* **Given material**

________________________

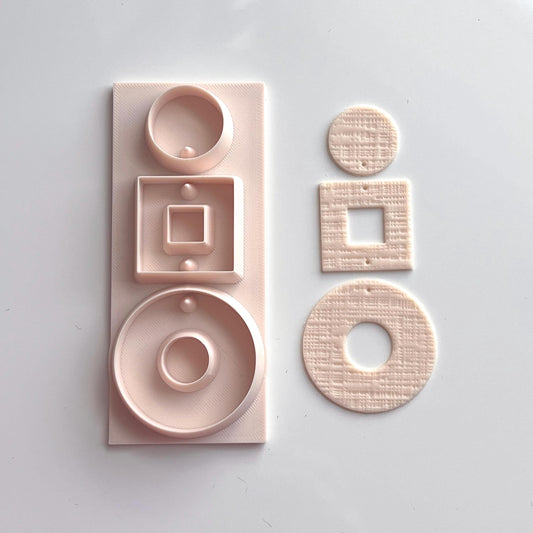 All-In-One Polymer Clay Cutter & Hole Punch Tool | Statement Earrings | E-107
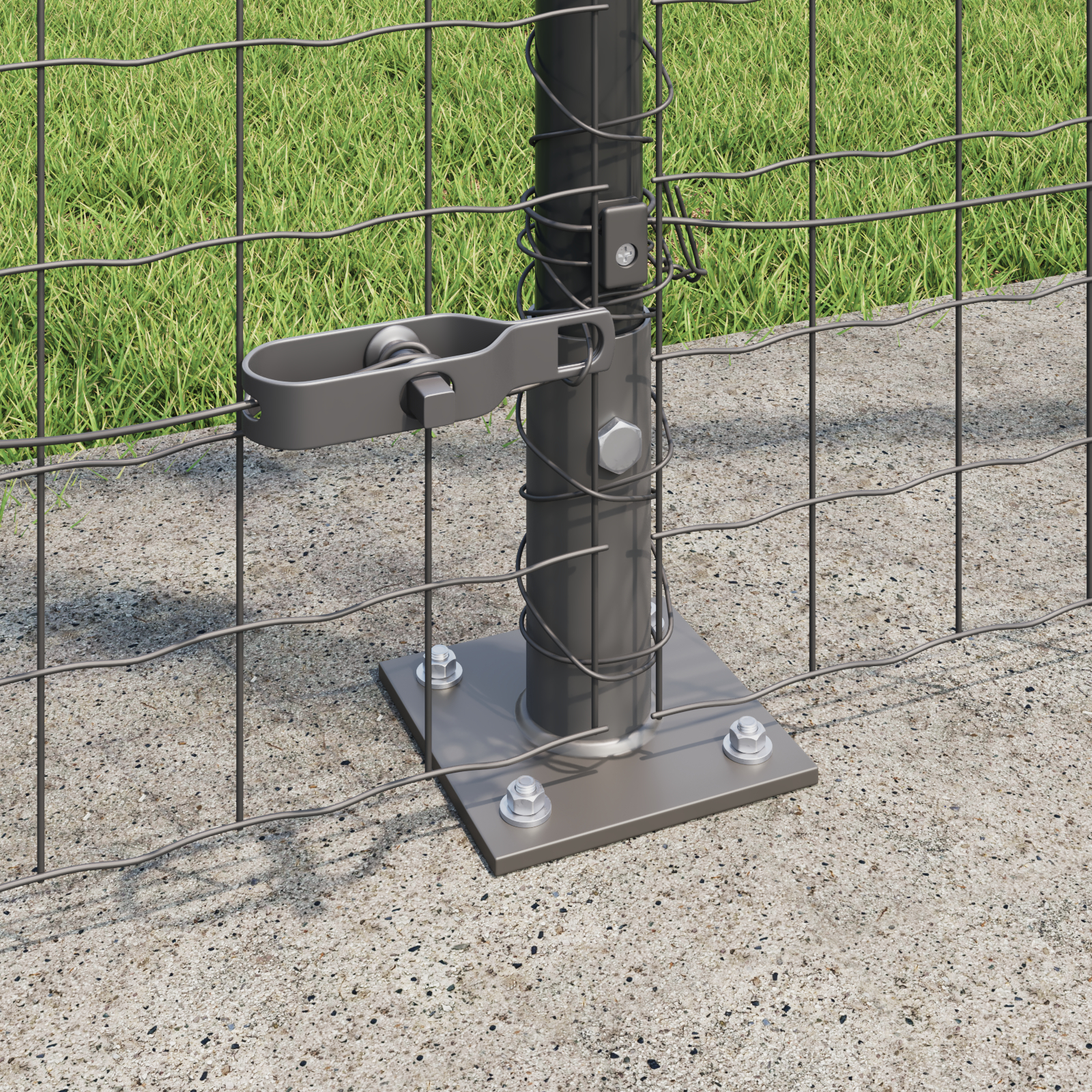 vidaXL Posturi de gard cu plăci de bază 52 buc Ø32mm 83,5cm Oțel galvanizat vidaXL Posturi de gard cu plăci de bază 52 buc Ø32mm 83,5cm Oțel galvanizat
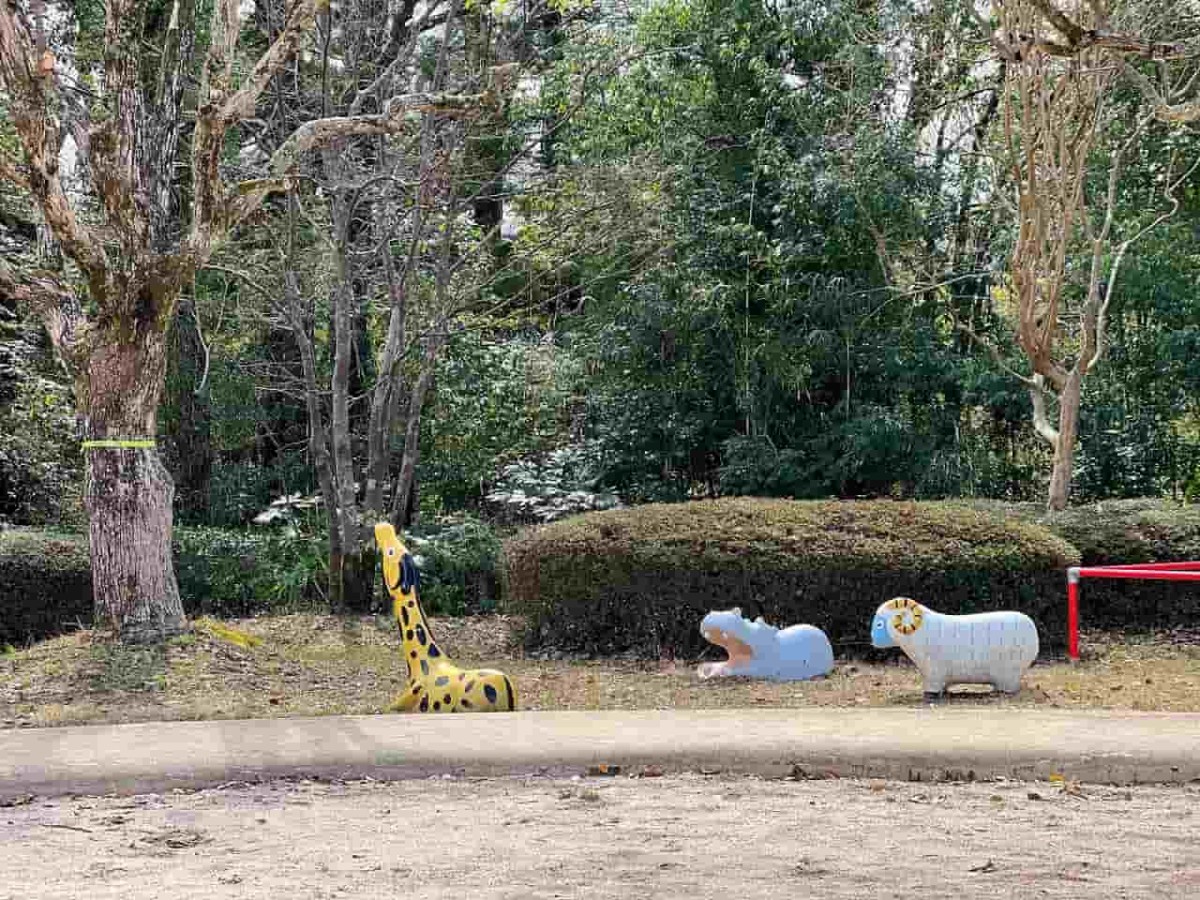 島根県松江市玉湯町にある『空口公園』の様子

________________________

Please set down each line of the listing above word for word, skipping any pictures.

* **Task result**
 All-In-One Polymer Clay Cutter & Hole Punch Tool | Statement Earrings | E-107
 vidaXL Posturi de gard cu plăci de bază 52 buc Ø32mm 83,5cm Oțel galvanizat vidaXL Posturi de gard cu plăci de bază 52 buc Ø32mm 83,5cm Oțel galvanizat
 島根県松江市玉湯町にある『空口公園』の様子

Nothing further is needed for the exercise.